------ DATA EXTRACT ------

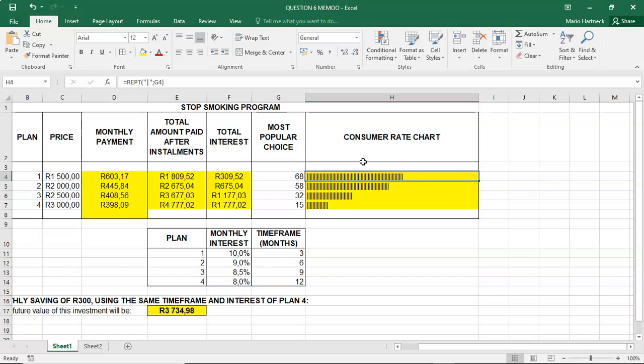But yeah, that's a different way of showing your data in a chart form. So thank you students for watching, and join me in the next video, where we will be discussing question 8, which is text functions. Thank you so much for watching.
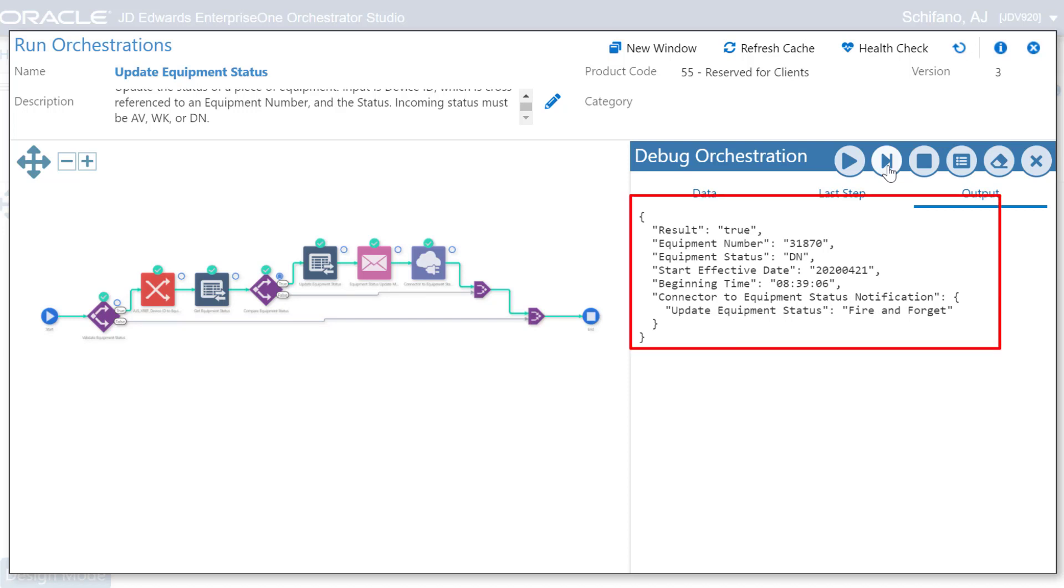Now that we know the problem was incorrect input, perhaps we can enhance the orchestrations that we might build later by checking for incorrect data and avoiding a similar error.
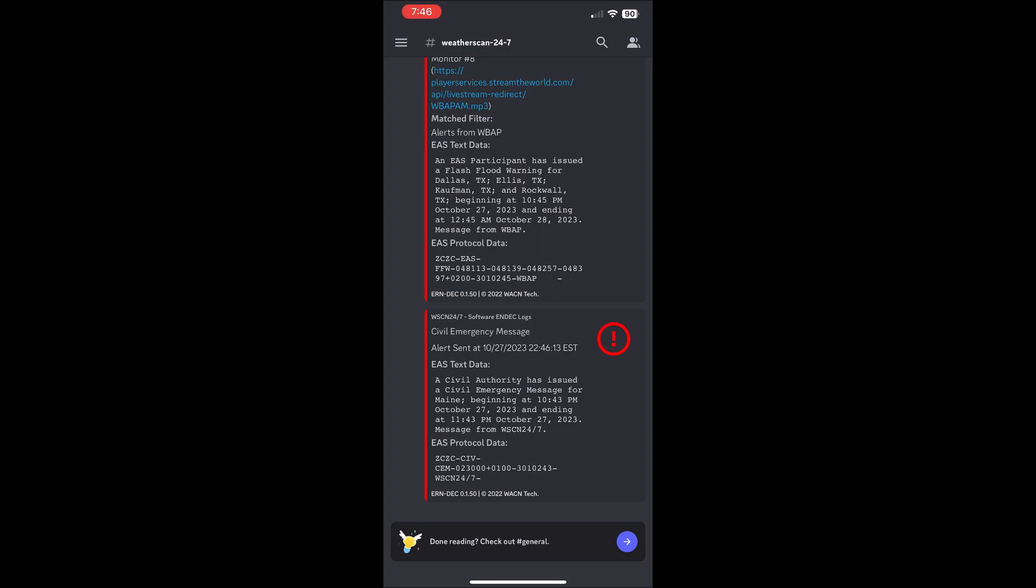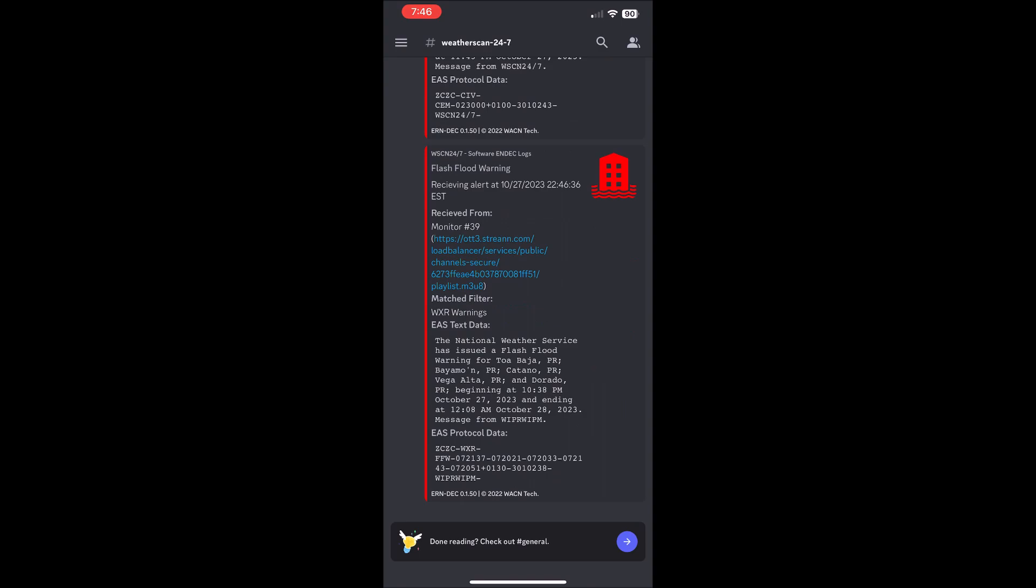And as it did so, it is producing more severe weather across southeast Dallas County. So we have a new flash flood warning coming up for portions of Kauffman, Rockwall, Ellis and Dallas counties. Stand by as we alert the stations in the area on WBAP.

------

**PROBLEM DESCRIPTION:** The full data, repeated exactly and stripped of its pictures, is the expected answer.

**SOLUTION TO THIS PROBLEM:**
But yeah, that's a different way of showing your data in a chart form. So thank you students for watching, and join me in the next video, where we will be discussing question 8, which is text functions. Thank you so much for watching.
Now that we know the problem was incorrect input, perhaps we can enhance the orchestrations that we might build later by checking for incorrect data and avoiding a similar error.
And as it did so, it is producing more severe weather across southeast Dallas County. So we have a new flash flood warning coming up for portions of Kauffman, Rockwall, Ellis and Dallas counties. Stand by as we alert the stations in the area on WBAP.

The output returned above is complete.